Черными осколочками глаз смотрел на него белый зверь - фретка. В снежном меху на горле - чучельный штырек, передняя лапка сторожко наставлена, хвост убран между окорочков.
Вот он где теперь горностаюшко, гордый князюшко. Собаки не заели. Зря хотел бить собак. Вот он, мой зверек.
Как живой. За стеклом. А может и не мой зверь, мало ли господ заводят горностаев. И красиво и на звериный подшерсток хорошо салонные блохи ловятся.
В темноту уводили взгляд ящики с чучелами и надписями-кличками:
Мими, Цезарь, Милушка.
– Да-да, особенно Милушка... От Государыни подарок, из Сам-Петербурга.
–
ласково заговорила Любовь Андреевна. Старуха остановилась на пороге, затрещала лопастями желтого веера по докучному обыкновению.
– Собачка значительная. Когда Матушка Екатерина узнала, что злые санклюты прилюдно казнили на площади миропомазанника французского Лудовика, то вскочила в гневе со стула. Левретка ее, Милушка упала на пол с подола и убилась насмерть. Пример нам подала, смотри, что смерти все игрушка: собачки и цари. Брось безделицы рассматривать. Идем. Даме руку подай.
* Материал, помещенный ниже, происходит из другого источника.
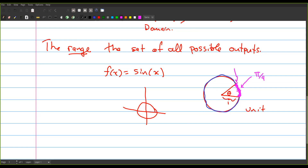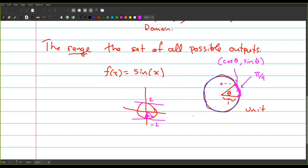Sine and cosine are functions that take an angle in radians and translate it into a point on the unit circle. By definition, the point is (cos θ, sin θ) — cosine gives the x-coordinate and sine gives the y-coordinate. So all y-coordinates on the unit circle are between −1 and 1. For any angle, sine projects onto the y-axis. The sine value for that angle is the y-coordinate on the unit circle.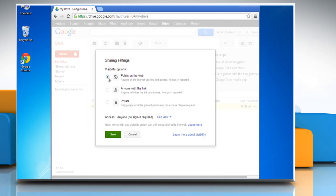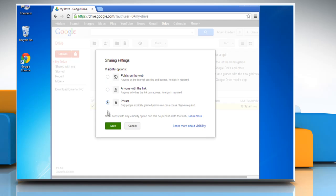Choose Public on the web, Anyone with the link, or Private option. Now click Save.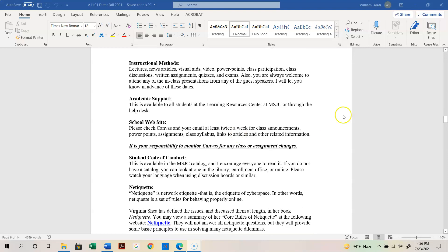The methods of instruction will include video lectures, news articles, visual aids, photos, videos, PowerPoints, class participation, class discussions, written assignments, quizzes, and exams. Also understand that you're always welcome to attend any in-class guest speaker presentations. For example, in a prior semester I had a homicide investigator come in and talk about what it's like. If that happens this semester for a face-to-face course, I'll send out an invite and you're more than welcome to attend.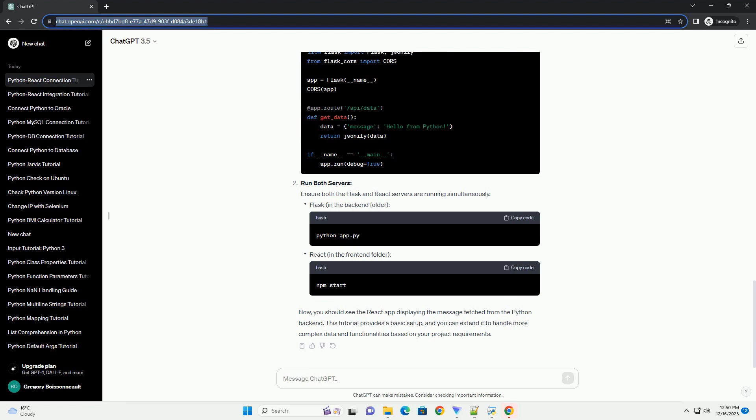Update app.py. Run both servers. Ensure both the Flask and React servers are running simultaneously. Flask in the backend folder, React in the frontend folder. Now you should see the React app displaying the message fetched from the Python backend.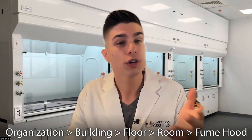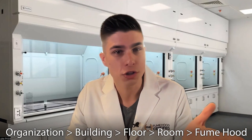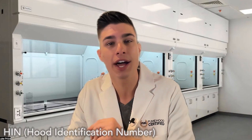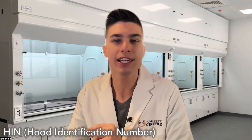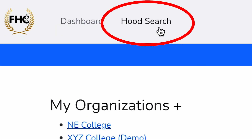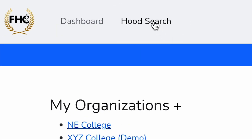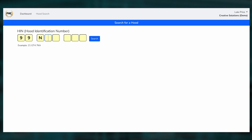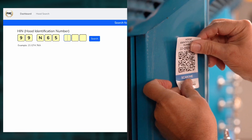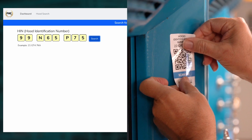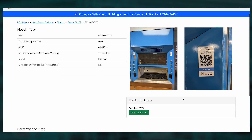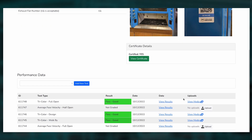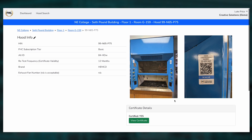You can also search hoods by the hood identification number, just by clicking the hood search button at the top of the page. Then you enter the HEN number that you assigned to the hood, and it'll automatically pull up that hood's information and test results in the software.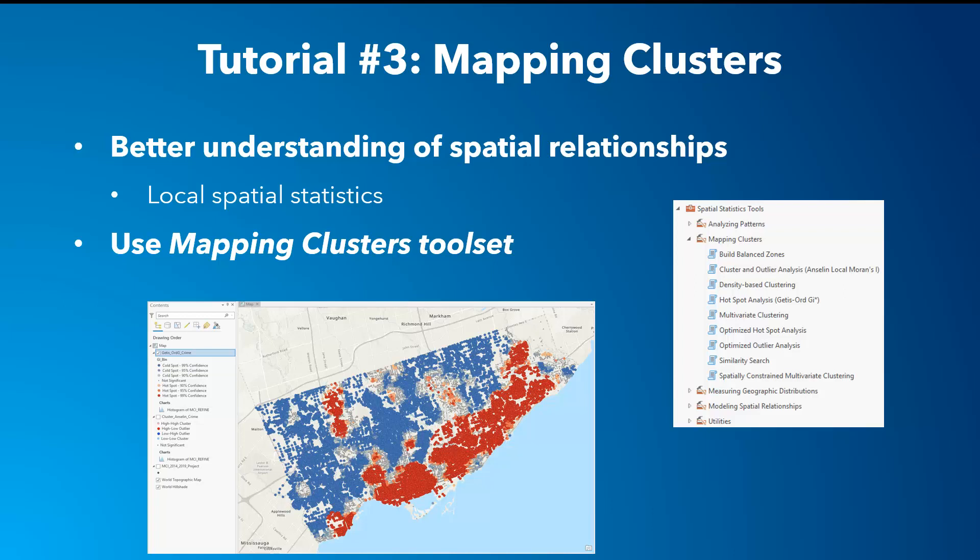The third tutorial goes more in depth on analyzing patterns by identifying clusters, which covers local spatial statistics. Similar to the second tutorial, this one analyzes whether the types of crime are clustered, random, or dispersed — but locally. Cluster and outlier analysis and hotspot analysis, known as the Getis-Ord G-star, answer these questions.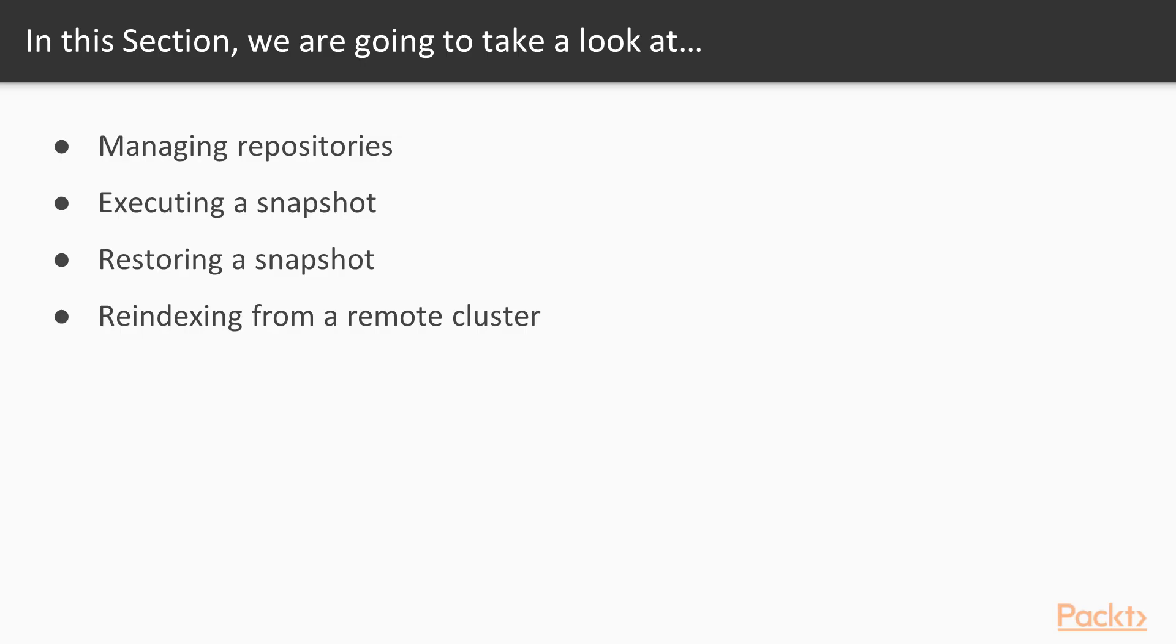In this section, we will learn managing repositories, then executing a snapshot. After that, we will restore a snapshot, and finally we will be re-indexing from a remote cluster.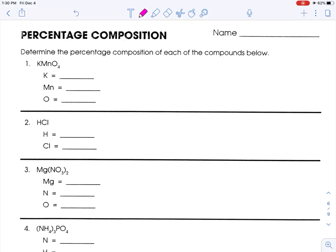Welcome. We are working on percent composition. You are going to need your reference tables and a calculator for this. On Table T, you see the formula for percent composition is mass of part over mass of whole times 100. In a chemical compound where we're not given lab data, you need to use the reference table periodic table to figure out the masses using GFMs.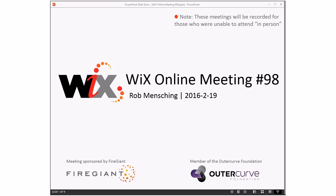Good morning, good afternoon, good evening. This is the WiX online meeting number 98. Getting to the middle of February. Tomorrow is an awesome day. We'll just leave it at that.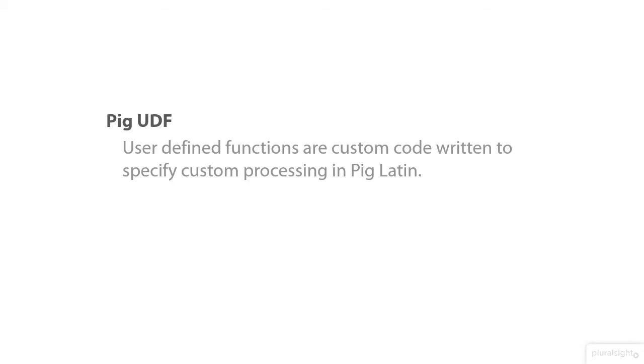A user-defined function is just custom code written to create a special process for us in PigLatin. For example, like we were talking about the toString that we used in Module 3. This is one of the most powerful things in PigLatin because it allows you to create custom code and insert it and use it in your Pig scripts very easily. So what if you wanted to write your own user-defined functions? What are your options?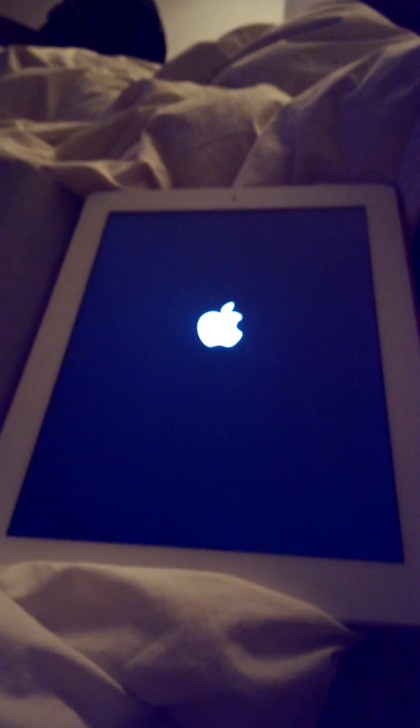The Apple logo keeps coming on, then it goes really dim, and then it shuts off completely. Then it comes back to this really dim state, shuts off completely - it just keeps doing that over and over.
Нешто вежеству на Москве юношей не учат?
Кавалер сглотнул сухим горлом и подал старухе руку.
Пара остановилась у выхода перед овальным портретом.
Любовь Андреевна подняла свечу в трактирном подсвечнике, осветила снизу вверх написанное лицо.
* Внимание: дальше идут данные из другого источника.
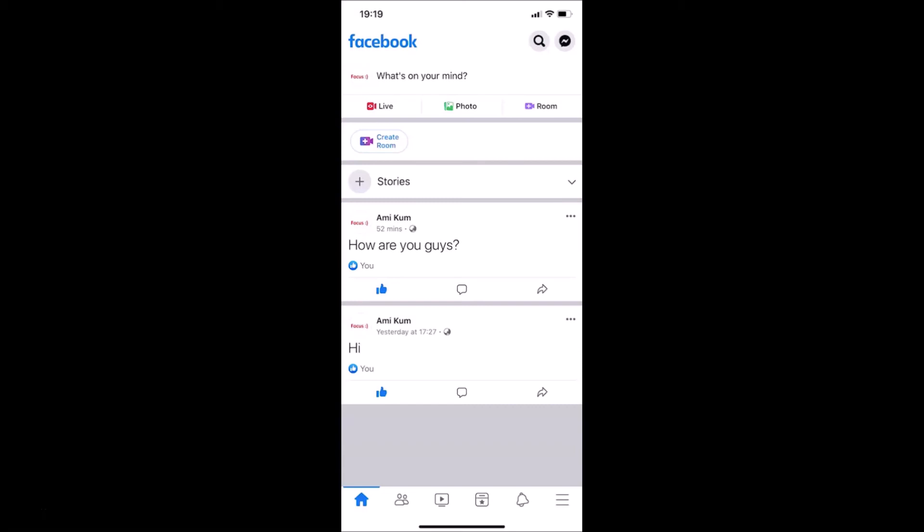So that's it, guys. In this way you can easily disable in-app sound in Facebook app on iPhone. Thanks for watching. If you like my videos, please support this channel by subscribing to it. Thanks, bye.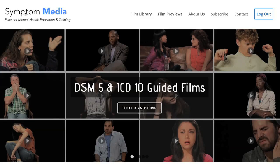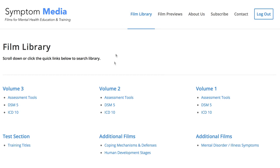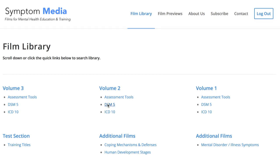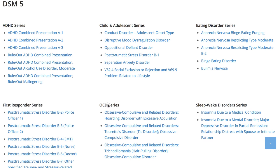Welcome to a preview of a Symptom Media DSM-5 guided case study. How are people using Symptom Media's DSM-5 guided cases? With access to over 500 assessment tools, DSM-5 and ICD-10 guided cases, educators can use Symptom Media's test section to show DSM-5 videos without revealing the diagnosis. You can integrate these films within tests, midterms, or finals and improve student competency. Be sure to visit SymptomMedia.com to sign up for a free trial today.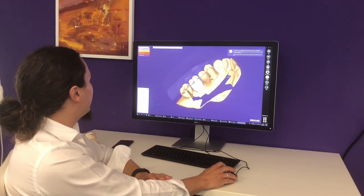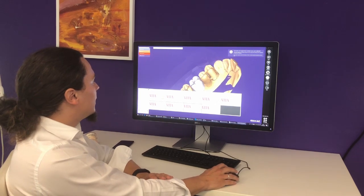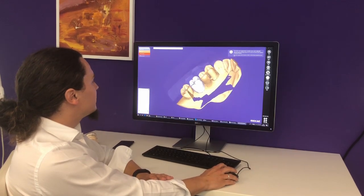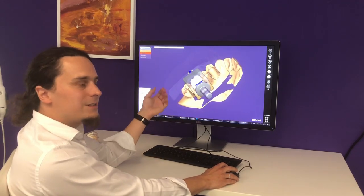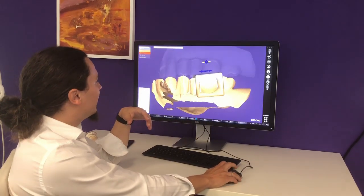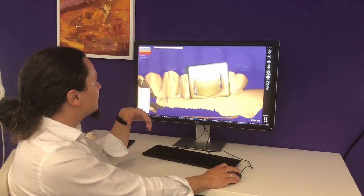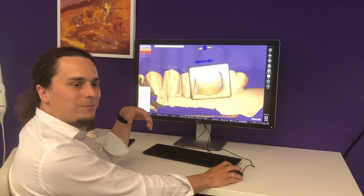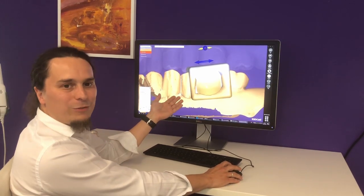I choose the Evita Trilux blank so that you can also see the nice visualization of the multi-shaded blank. Again I can adjust the suggested blank placement to have full control over the shading. This case is now ready for production.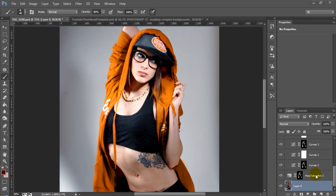Hey everyone, this is Roberto Blake and welcome to another Photoshop CC beauty retouching tutorial. In today's beauty retouching tutorial we'll be using once again the photography work of John Covington. You can find his work at www.jcov.net.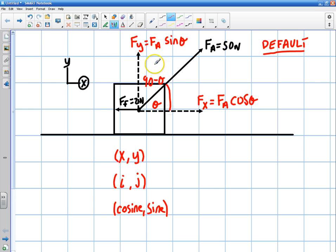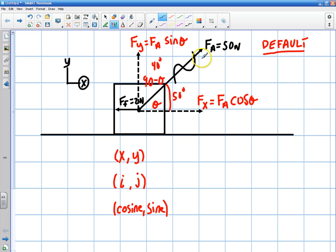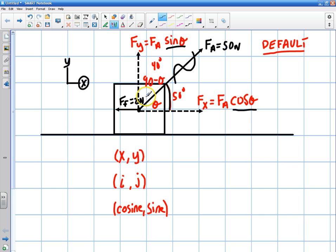Most of the time my x component is going to be cosine, because we can choose the angle. For example, if I knew one angle was 40 degrees, I can choose to use 50 degrees instead because I can control that. Once I have these components, I strike out the original force vector to show it's been replaced by its x and y components. So the default is: x corresponds to cosine, y corresponds to sine, defined to the horizontal.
Кавалеру причудилась на холсте гордая отчая дочь Анна Шереметева, не ее ли злые гордые глаза, не ее ли черные кудри кипенью, не ее ли крепкое переносье и татарские скулы и пухлый рот, не ее ли малая грудь в красном вырезе платья.
Нет. Сроду не было у Анны Шереметевой разбойной родинки слева над губой.
А у этой была.
– Похож?
– спросила старуха и ущипнула Кавалера за щеку.
– Вылитый ты, только баба!
Нет, не Анна Шереметева на старом портрете изображена была, а сам Кавалер, ряженый фальшивой святочной цыганкой, простоволосый, как греческий пастух, пьяный, молодой на холсте усмехался.
Сеточка старинных трещин уродовала картину.
– Кто это?
– спросил Кавалер.
– Я.
– ответила Любовь Андреевна - Могла бы сестрой тебе быть. В Италии писали маслом с натуры, сорок пять лет назад.
Приподнявшись на цыпочки к раме, старуха сама себя поцеловала в губы и потушила свечу в ладонь. Зашипела кожа на фитиле. Любовь и не поморщилась.
... Кавалер и Любовь шли под круглыми дугами усадебного боскета. Кавалер пригибался, но все равно по макушке шваркали листья. Маленькая, тоненькая, как мама, Любовь Андреевна шутила, тормошила его, шуршала по камешкам свадебная кисея шлейфа.
Выбрели к пруду.
Ночь, а нечем дышать, как в полдень.
Малосольной латинской буквой "W" представилась над купами сирени и запрудой Кассиопея. Еле пробивались звезды сквозь чадный падымок.